# Turkey only leases or memberships?



## Jim Thompson (Dec 29, 2004)

I am still looking for this.  Would like it to be within 1.5 hours of Atlanta area (actually Cobb County) preferrable NW or W GA.  My current lease is great for bucks and great for turks, but we do not have turk rights  

Would also consider a deer/turkey lease if the price and land is right and it includes this up coming season.

As much as I like to listen to these darn public land birds every year, I sure would like to lower the hammer on one.

Anyone?

Jim


----------



## HT2 (Dec 29, 2004)

*J T......*

I'll take you Turkey Hunting!!!!!!!!!!!!!!!

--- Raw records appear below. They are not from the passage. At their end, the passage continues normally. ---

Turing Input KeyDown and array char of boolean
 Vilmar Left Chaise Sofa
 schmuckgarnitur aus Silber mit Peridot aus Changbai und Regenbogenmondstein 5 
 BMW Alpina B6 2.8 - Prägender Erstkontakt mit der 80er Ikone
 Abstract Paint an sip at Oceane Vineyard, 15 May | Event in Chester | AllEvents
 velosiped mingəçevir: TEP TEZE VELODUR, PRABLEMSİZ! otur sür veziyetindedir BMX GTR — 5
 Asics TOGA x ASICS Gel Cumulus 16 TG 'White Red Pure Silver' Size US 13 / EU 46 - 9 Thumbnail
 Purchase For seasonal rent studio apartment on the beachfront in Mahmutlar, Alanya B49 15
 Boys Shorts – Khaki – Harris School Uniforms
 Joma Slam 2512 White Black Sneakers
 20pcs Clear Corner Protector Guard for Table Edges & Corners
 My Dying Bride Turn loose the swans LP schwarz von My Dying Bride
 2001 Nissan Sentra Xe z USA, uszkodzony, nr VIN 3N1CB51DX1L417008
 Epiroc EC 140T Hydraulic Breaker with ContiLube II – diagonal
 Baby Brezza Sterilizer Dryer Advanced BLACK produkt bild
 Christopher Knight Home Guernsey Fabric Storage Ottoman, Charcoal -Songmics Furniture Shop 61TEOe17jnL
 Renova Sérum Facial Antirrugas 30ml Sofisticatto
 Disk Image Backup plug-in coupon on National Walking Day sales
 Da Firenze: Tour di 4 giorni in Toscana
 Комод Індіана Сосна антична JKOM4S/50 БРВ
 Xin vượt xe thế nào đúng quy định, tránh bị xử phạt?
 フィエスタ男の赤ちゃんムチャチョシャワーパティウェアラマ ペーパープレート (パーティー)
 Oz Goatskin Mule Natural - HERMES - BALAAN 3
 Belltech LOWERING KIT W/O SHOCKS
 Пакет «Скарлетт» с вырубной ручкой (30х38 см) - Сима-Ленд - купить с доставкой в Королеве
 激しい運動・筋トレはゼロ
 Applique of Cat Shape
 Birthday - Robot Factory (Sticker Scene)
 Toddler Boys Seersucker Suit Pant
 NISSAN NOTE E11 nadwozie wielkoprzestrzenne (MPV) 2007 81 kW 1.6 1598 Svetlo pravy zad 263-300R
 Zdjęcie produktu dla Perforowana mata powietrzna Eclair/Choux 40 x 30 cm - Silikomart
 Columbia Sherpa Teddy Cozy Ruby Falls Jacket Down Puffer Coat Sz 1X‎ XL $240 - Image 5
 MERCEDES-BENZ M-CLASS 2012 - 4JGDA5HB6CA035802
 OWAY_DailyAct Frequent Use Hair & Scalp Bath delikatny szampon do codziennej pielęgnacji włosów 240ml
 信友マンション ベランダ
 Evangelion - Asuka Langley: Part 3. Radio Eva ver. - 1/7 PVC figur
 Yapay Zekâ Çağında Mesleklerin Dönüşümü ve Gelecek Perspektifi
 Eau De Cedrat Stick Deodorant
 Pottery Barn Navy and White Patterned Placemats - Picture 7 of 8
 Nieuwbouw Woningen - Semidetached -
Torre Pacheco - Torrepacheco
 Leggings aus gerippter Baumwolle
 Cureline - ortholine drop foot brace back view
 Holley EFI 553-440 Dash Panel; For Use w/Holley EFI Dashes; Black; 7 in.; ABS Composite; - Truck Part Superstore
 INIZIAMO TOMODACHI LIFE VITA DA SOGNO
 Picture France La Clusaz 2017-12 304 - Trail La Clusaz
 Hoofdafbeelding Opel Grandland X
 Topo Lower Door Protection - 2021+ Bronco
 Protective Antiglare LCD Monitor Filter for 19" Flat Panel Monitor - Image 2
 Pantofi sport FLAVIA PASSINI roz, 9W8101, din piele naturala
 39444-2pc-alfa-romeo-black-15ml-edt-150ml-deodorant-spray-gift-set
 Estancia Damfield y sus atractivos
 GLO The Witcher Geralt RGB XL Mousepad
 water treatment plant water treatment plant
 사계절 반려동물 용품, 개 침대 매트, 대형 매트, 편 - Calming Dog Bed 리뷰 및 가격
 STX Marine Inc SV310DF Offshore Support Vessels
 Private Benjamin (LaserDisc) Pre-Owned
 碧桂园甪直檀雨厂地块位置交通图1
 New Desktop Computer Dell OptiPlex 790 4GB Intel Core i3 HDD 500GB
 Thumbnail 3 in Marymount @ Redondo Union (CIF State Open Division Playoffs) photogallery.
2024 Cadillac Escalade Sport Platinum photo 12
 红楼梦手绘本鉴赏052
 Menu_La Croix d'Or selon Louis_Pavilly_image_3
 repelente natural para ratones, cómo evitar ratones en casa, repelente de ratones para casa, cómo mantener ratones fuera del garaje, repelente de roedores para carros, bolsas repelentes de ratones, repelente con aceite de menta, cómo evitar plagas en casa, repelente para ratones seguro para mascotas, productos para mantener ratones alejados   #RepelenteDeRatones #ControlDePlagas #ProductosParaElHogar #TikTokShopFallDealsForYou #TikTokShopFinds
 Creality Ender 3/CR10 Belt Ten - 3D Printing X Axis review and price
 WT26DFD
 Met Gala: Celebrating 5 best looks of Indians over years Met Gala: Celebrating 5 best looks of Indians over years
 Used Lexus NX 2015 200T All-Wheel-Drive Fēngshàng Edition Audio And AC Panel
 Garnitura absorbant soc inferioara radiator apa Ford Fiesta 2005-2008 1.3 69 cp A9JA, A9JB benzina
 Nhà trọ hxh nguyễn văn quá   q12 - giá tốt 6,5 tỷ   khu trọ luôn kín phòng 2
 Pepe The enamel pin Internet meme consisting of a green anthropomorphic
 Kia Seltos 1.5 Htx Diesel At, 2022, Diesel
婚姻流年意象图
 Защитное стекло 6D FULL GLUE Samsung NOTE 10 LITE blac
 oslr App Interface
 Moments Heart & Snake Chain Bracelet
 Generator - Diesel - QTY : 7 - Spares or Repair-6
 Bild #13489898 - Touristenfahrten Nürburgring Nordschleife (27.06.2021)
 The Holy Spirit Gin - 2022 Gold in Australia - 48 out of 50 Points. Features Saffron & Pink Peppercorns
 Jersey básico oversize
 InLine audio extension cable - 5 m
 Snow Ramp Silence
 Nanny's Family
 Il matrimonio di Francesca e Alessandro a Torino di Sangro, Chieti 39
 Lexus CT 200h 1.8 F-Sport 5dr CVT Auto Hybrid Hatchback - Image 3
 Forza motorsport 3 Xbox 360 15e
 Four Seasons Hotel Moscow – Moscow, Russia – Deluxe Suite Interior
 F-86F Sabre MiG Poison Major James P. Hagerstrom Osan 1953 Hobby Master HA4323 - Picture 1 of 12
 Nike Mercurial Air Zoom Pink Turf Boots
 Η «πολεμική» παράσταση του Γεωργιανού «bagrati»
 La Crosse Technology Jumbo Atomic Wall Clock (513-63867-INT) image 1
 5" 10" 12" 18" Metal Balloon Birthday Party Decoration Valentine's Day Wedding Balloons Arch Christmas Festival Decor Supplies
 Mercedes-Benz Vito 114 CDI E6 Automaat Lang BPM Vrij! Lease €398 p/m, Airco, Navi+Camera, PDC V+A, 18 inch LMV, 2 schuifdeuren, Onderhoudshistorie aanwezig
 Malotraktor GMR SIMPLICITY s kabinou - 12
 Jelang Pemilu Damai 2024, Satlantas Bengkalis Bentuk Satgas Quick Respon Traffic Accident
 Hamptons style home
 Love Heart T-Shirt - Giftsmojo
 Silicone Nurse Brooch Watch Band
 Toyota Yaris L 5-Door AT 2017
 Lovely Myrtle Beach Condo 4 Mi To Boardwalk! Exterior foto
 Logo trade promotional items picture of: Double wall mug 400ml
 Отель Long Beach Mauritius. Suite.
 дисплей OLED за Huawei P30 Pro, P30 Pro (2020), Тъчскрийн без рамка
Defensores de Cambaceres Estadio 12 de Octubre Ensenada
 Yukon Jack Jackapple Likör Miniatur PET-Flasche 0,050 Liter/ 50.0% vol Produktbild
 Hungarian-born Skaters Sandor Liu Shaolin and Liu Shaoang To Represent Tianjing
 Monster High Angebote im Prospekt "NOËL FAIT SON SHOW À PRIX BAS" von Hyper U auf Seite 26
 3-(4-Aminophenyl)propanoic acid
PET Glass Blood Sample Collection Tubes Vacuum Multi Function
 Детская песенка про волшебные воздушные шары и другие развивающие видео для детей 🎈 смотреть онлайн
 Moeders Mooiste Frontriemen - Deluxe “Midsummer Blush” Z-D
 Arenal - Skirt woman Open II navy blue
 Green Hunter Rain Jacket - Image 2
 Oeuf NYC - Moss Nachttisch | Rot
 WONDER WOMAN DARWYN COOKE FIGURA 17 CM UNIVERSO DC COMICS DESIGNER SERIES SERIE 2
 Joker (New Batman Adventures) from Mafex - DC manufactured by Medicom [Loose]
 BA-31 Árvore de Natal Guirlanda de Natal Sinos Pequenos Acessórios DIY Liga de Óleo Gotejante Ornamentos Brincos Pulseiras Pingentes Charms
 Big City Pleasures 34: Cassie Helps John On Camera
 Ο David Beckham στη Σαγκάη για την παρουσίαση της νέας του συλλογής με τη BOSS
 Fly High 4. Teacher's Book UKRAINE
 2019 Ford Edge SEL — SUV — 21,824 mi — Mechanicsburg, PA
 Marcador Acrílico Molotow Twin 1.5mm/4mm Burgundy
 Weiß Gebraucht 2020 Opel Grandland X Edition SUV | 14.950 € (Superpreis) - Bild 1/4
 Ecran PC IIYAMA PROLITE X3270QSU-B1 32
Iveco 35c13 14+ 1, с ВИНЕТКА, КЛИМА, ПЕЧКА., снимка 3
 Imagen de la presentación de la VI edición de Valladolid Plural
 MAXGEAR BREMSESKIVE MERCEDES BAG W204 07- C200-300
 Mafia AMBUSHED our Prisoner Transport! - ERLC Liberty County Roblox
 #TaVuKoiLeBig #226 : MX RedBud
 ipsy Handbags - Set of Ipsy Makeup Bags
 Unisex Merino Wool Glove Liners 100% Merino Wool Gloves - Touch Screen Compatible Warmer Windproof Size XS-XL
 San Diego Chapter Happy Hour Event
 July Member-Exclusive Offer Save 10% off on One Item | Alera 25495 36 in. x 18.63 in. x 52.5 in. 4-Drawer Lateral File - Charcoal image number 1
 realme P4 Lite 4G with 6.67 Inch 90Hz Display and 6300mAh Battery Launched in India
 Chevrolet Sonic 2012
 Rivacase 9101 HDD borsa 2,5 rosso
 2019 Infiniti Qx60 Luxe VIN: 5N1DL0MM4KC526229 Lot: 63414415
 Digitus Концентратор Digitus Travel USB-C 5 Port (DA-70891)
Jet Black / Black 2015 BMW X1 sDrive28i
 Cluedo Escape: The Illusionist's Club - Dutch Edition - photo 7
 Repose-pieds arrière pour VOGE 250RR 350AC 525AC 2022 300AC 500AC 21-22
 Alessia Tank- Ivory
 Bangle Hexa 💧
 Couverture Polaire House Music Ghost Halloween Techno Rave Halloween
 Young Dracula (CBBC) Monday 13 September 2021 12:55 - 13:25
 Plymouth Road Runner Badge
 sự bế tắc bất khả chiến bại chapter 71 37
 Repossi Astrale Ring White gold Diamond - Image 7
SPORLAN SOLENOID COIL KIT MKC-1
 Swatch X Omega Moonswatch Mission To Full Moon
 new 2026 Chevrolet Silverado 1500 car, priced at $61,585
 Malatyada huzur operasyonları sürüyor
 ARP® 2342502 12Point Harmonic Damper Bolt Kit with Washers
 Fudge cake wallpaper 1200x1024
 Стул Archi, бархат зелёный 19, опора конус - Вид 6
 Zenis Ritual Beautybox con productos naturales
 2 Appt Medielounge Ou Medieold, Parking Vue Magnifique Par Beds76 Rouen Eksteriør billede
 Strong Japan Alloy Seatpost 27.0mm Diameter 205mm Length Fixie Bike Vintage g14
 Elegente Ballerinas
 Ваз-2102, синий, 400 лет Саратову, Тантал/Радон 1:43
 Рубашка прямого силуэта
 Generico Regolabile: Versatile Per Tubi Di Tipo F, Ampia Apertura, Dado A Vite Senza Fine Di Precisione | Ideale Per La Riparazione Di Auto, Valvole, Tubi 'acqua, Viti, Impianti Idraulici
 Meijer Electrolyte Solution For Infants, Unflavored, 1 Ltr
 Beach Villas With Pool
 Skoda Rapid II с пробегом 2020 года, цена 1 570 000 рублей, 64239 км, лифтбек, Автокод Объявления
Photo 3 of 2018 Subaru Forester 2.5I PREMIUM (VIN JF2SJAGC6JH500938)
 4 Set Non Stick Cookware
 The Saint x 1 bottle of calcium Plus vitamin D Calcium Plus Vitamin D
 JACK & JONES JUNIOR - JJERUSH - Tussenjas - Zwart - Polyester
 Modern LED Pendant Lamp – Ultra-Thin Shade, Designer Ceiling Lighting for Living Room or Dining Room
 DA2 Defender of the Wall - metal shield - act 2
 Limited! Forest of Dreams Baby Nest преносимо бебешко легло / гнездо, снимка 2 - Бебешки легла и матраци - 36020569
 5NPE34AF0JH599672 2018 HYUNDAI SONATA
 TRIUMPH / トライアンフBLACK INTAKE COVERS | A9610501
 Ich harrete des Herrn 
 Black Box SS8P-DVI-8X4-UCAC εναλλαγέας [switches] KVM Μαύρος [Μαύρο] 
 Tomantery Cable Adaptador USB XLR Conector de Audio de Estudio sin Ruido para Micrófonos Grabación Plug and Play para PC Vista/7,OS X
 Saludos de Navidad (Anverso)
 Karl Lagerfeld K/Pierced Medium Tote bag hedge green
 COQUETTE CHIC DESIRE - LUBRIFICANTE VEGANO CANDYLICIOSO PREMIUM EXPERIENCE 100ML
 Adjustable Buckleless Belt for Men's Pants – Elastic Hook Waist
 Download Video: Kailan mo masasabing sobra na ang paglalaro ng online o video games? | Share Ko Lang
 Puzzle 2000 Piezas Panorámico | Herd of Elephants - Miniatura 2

It will only cost you about 10 trips to HOOTERS!!!!!!!!!!!!!     

What ya say??????????


----------



## Jim Thompson (Dec 29, 2004)

In that case...you already owe me a turkey hunt!

Jim


----------



## BROWNING7WSM (Dec 29, 2004)

*Jim..*

We may lease a few turkey rights on our lease this year, not sure yet..We are located in Talbot (585 acres) and have plenty of birds.Theres only 4-5 members that hunt them but not every weekend.. I can further check into it if your interested.


----------



## HT2 (Dec 29, 2004)

*J T......*

Oh yeah......

I forgot.............


----------



## Jim Thompson (Dec 30, 2004)

Browning, keep me informed if you do, but Talbot is a long way off for turkeys.

Jim


----------



## Randy (Dec 30, 2004)

I remember paying for a Hooters trip too.  You owe me too.  BTW when is hte next one.  They got a new one near us Tim!

I am also looking for a turkey lease or if you have birds and want to learn I'll come call for you on your land.  I won't even bring a gun!


----------



## Jim Thompson (Jan 2, 2005)

A big ol freaking bump to the top.

Jim


----------



## meriwether john (Jan 2, 2005)

Randy I still owe you a hunt. Feel we got the shaft last season late. Let's go earlier and you can bring a gun!!

Oh yeah Jimbo you can hunt 'em too but the only Hooters around here can actually fly.


----------



## Randy (Jan 3, 2005)

John,
I'd love to take you up on another try!  Just let me know when!


----------



## Jim Thompson (Jan 3, 2005)

Sounds like I may have a place in Meriwether to try a bird or 2???

Jim


----------



## meriwether john (Jan 5, 2005)

Yessir as long as you stay behind that shower curtain


----------